Could anyone explain the expression that initializes mbr2?
class MyClass(object):
def __init__(self, param1, param2=None):
self.mbr1 = param1
self.mbr2 = ({}, param2)[bool(param2)]
Thanks.
Could anyone explain the expression that initializes mbr2?
class MyClass(object):
def __init__(self, param1, param2=None):
self.mbr1 = param1
self.mbr2 = ({}, param2)[bool(param2)]
Thanks.
The logic selects one of two values from the tuple depending on the truthiness of the param1. If False the tuple is indexed with 0, otherwise 1; bools are easily coerced to integers.
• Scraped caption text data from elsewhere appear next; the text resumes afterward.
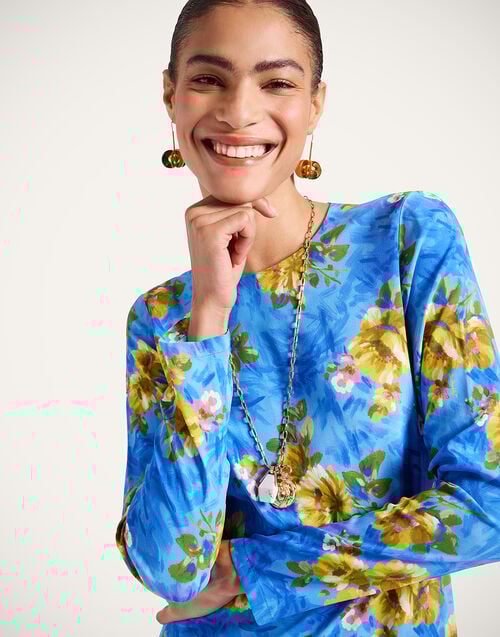 La Doublej Long Sleeve Swing Dress Riptide Light Blue In Sable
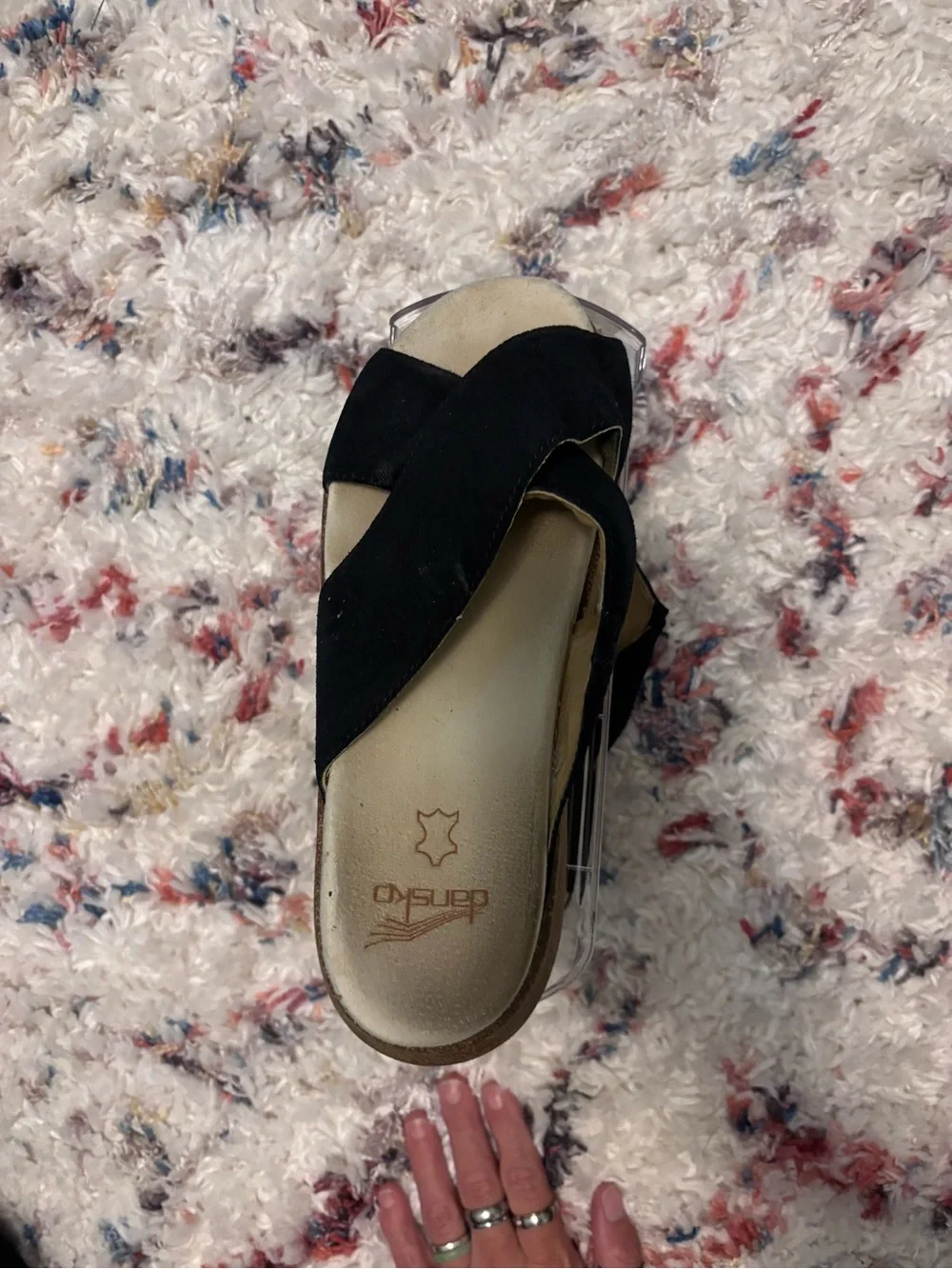 Dansko Women’s Black Crisscross Platform Sandals Size 39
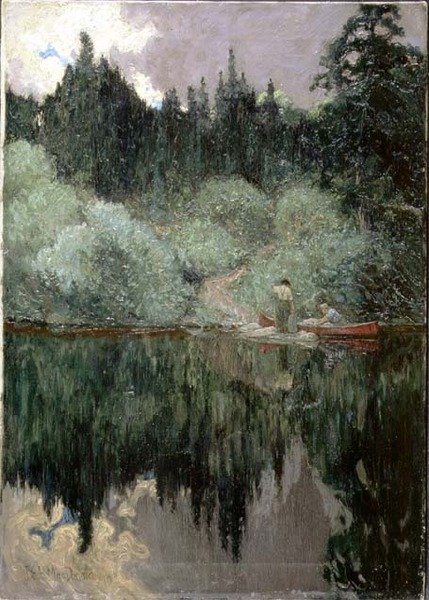 Rydning efter regn, Magnetawan River, Ontario af James Edward Hervey Macdonald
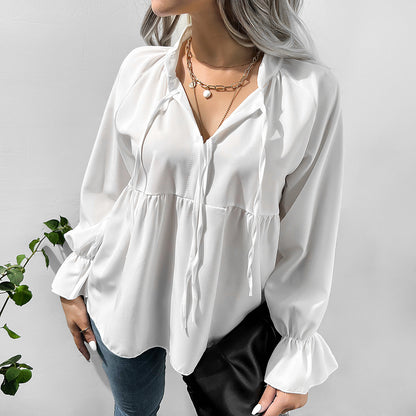 Autumn Winter White Shirt Bell Sleeve Bow Casual Top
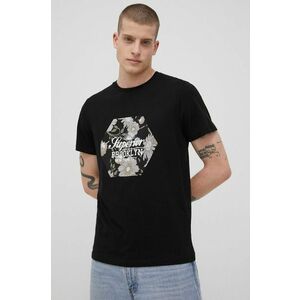 Bavlnené tričko Produkt by Jack & Jones čierna farba, s potlačou vyobraziť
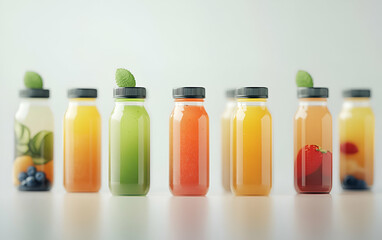 Colorful array of bottled juices showcasing fresh fruit flavors for a refreshing beverage experience.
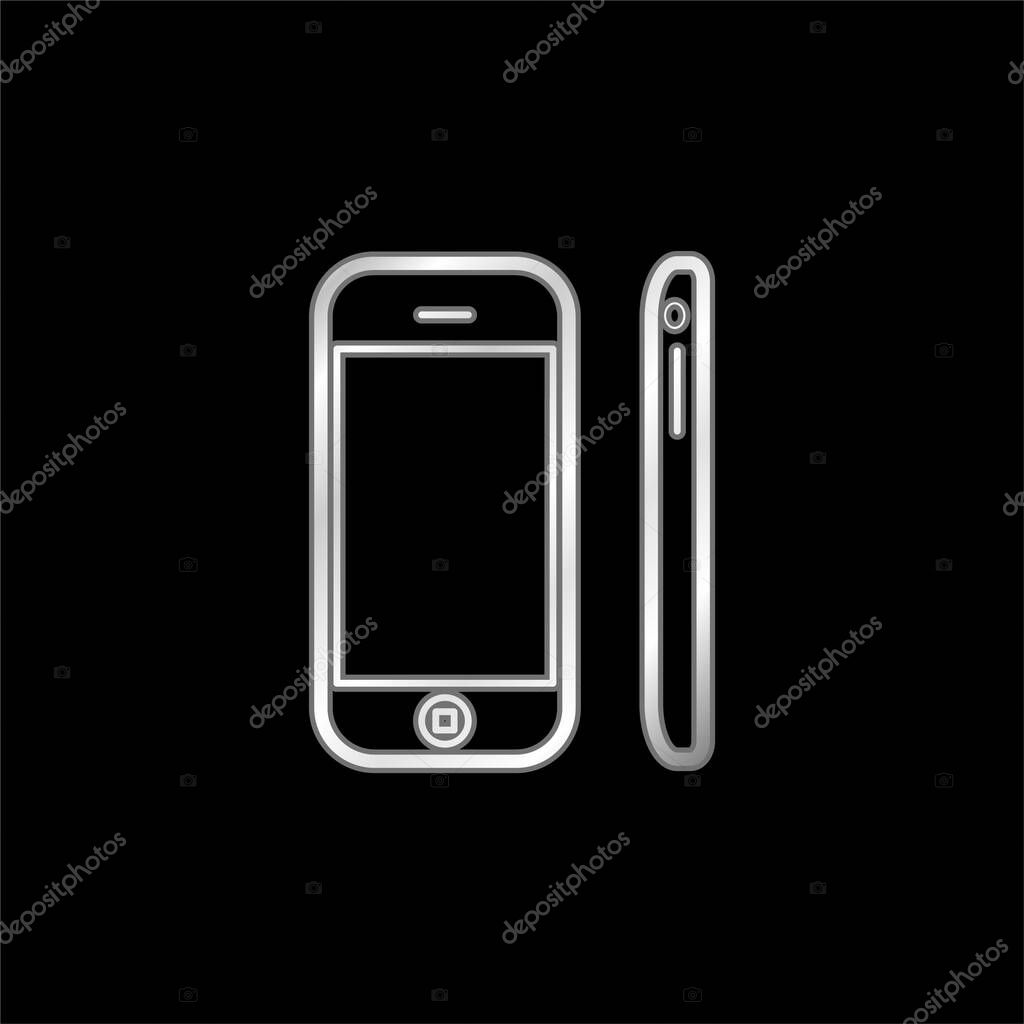 Apple Iphone Mobile Tool Views From Front And Side silver plated metallic icon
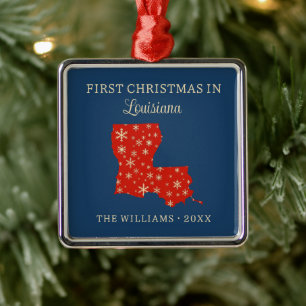 Family First Christmas In Louisiana USA State Metal Ornament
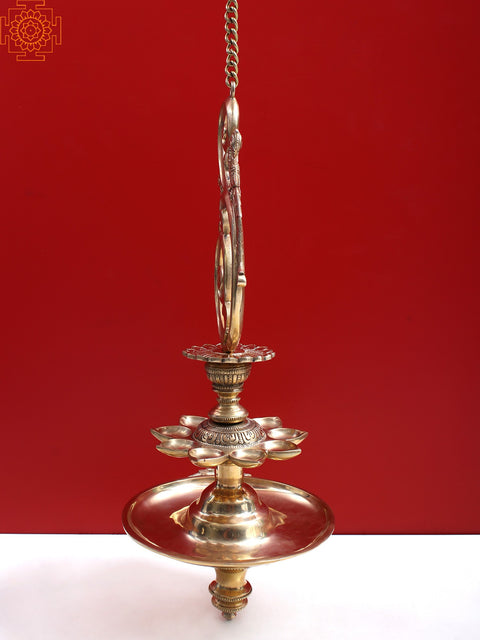 17" Brass Peacock Hanging Lamp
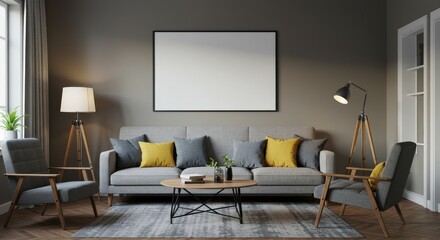Realistic Living Room Interior Design with Gray Sofa and Yellow Accents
It can be more clearly expressed using a ternary operator:
self.mbr2 = param2 if param2 else {}
Or short-circuiting with or:
self.mbr2 = param2 or {}
It is a (weird) way to do the following:
self.mbr2 = param2 if param2 else {}
That it's more Pythonic.
Basically it will choose between the two elements on tuple (({}, param2)) if param2 is truthy(1) or falsy(0) (bool(param2))
whenever param1 is 'truthy', self.mbr2 = param1. otherwise self.mbr2 = param1.
note: True == 1 and False == 0 (and bool returns one of these).